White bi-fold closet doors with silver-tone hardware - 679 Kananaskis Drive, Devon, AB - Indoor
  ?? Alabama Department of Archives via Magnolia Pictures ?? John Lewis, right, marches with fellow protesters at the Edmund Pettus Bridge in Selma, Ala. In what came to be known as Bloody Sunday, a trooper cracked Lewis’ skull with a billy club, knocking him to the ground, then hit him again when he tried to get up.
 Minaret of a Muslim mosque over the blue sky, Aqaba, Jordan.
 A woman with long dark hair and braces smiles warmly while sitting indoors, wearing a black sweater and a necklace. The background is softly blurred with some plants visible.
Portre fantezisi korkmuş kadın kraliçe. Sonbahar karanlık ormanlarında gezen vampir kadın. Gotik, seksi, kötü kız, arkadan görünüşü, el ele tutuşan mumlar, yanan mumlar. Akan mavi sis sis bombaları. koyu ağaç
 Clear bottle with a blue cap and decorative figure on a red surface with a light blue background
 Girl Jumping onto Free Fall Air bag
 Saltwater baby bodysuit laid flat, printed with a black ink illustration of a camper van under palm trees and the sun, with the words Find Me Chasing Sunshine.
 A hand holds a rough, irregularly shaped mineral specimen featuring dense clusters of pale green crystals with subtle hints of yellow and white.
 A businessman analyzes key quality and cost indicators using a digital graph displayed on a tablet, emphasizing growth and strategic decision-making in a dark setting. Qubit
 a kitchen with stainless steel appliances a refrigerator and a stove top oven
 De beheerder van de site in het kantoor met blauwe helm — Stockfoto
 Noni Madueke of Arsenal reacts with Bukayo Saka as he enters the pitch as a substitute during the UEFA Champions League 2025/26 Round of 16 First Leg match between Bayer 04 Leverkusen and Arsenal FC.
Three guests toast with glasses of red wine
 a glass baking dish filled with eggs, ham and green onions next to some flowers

▸ EXERCISE GOAL
Keep only the lines from the line with "Saltwater baby bodysuit" to the end of the records above, and repeat them exactly.

▸ ANSWER TO THIS EXERCISE
 Saltwater baby bodysuit laid flat, printed with a black ink illustration of a camper van under palm trees and the sun, with the words Find Me Chasing Sunshine.
 A hand holds a rough, irregularly shaped mineral specimen featuring dense clusters of pale green crystals with subtle hints of yellow and white.
 A businessman analyzes key quality and cost indicators using a digital graph displayed on a tablet, emphasizing growth and strategic decision-making in a dark setting. Qubit
 a kitchen with stainless steel appliances a refrigerator and a stove top oven
 De beheerder van de site in het kantoor met blauwe helm — Stockfoto
 Noni Madueke of Arsenal reacts with Bukayo Saka as he enters the pitch as a substitute during the UEFA Champions League 2025/26 Round of 16 First Leg match between Bayer 04 Leverkusen and Arsenal FC.
Three guests toast with glasses of red wine
 a glass baking dish filled with eggs, ham and green onions next to some flowers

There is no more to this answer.